• ACTIVITY: Make the copy match the entries below exactly, with no pictures carried over.

Image-caption web data
______________________________
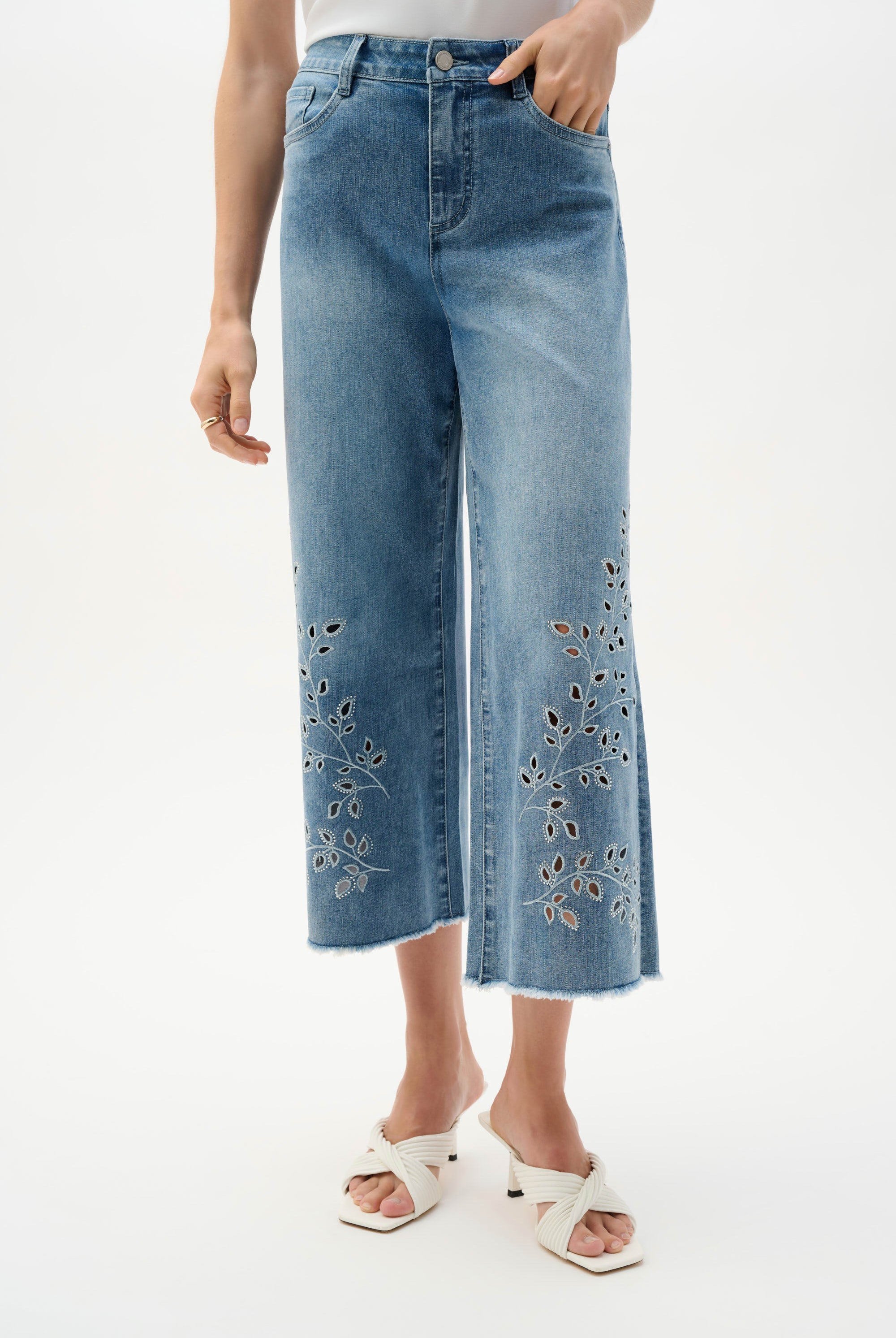Joseph Ribkoff Repreve® Denim Wide Leg Crop Jeans With Embroidery | Unique Apparel USA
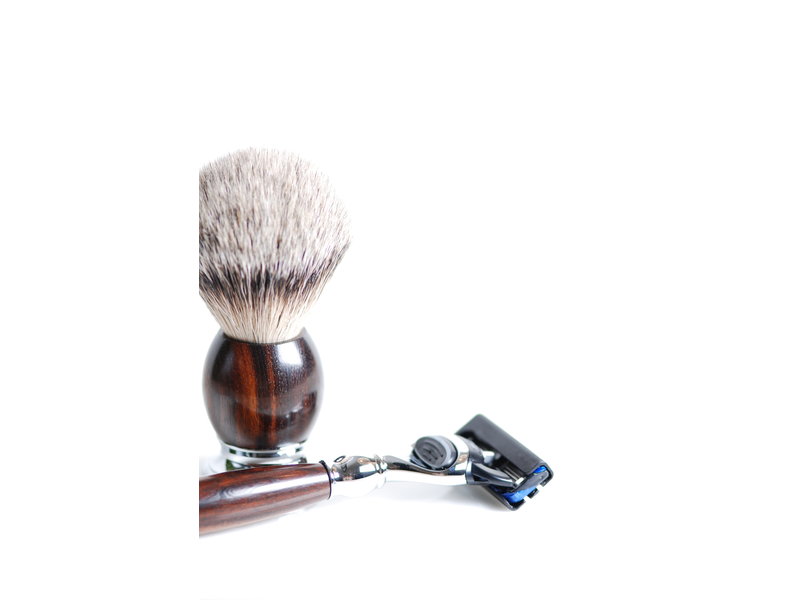 Muhle Sophist scheerset in ironwood - Gillette® Fusion5™ - kwast silvertip dassenhaar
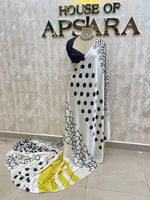 White n Black Satin Digital Print Saree 45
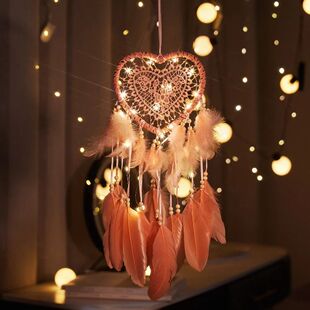 Heart Shaped LED Dream Catcher with Feathers Car Hanging Orn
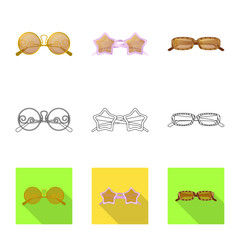 Vector design of glasses and sunglasses symbol. Collection of glasses and accessory stock symbol for web.
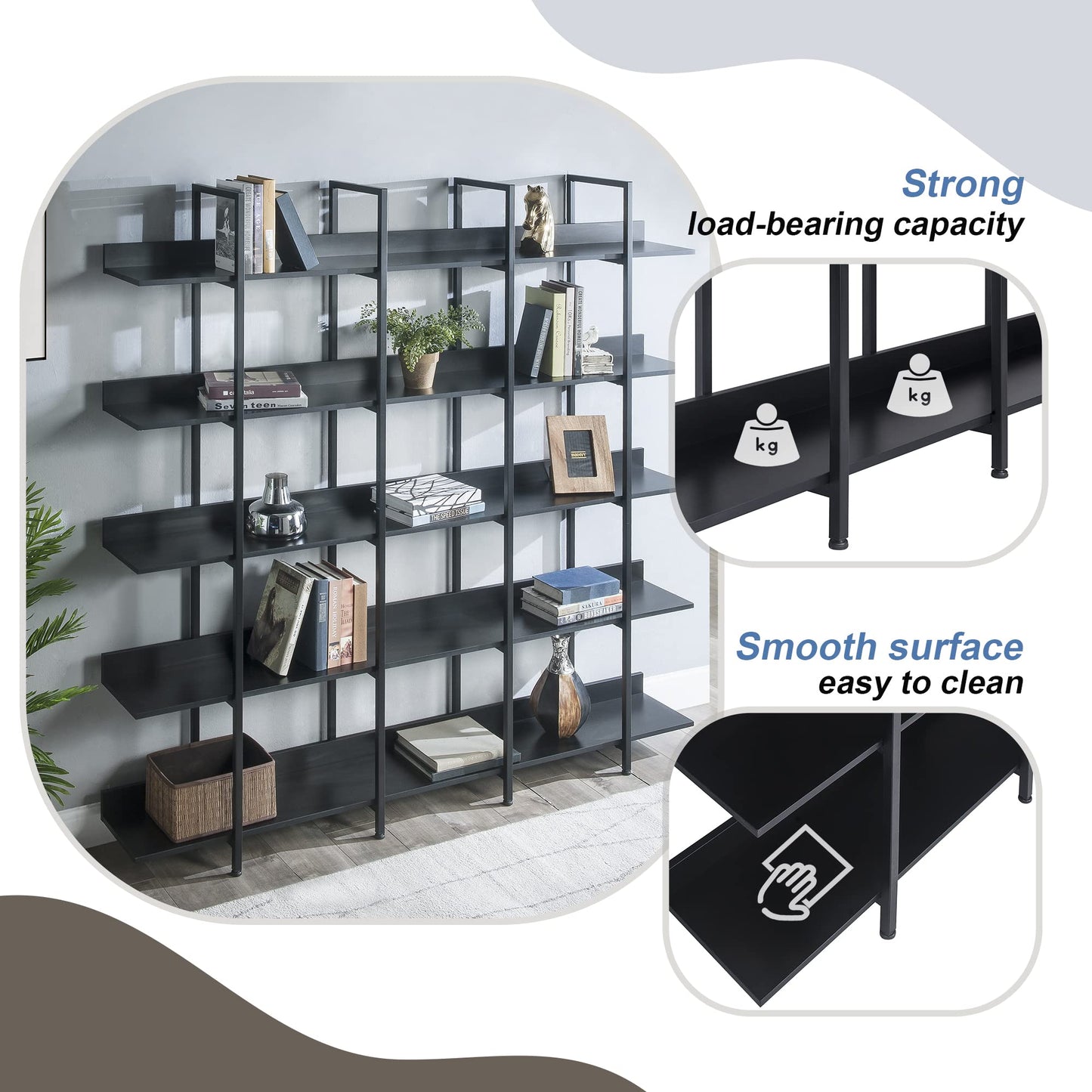 5-Shelf Bookcase, Large Open Bookshelf Modern Industrial Style, Open Display Shelves with Metal Frame for Living Room, Black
______________________________
• TASK ANSWER:
Joseph Ribkoff Repreve® Denim Wide Leg Crop Jeans With Embroidery | Unique Apparel USA
 Muhle Sophist scheerset in ironwood - Gillette® Fusion5™ - kwast silvertip dassenhaar
 White n Black Satin Digital Print Saree 45
 Heart Shaped LED Dream Catcher with Feathers Car Hanging Orn
 Vector design of glasses and sunglasses symbol. Collection of glasses and accessory stock symbol for web.
 5-Shelf Bookcase, Large Open Bookshelf Modern Industrial Style, Open Display Shelves with Metal Frame for Living Room, Black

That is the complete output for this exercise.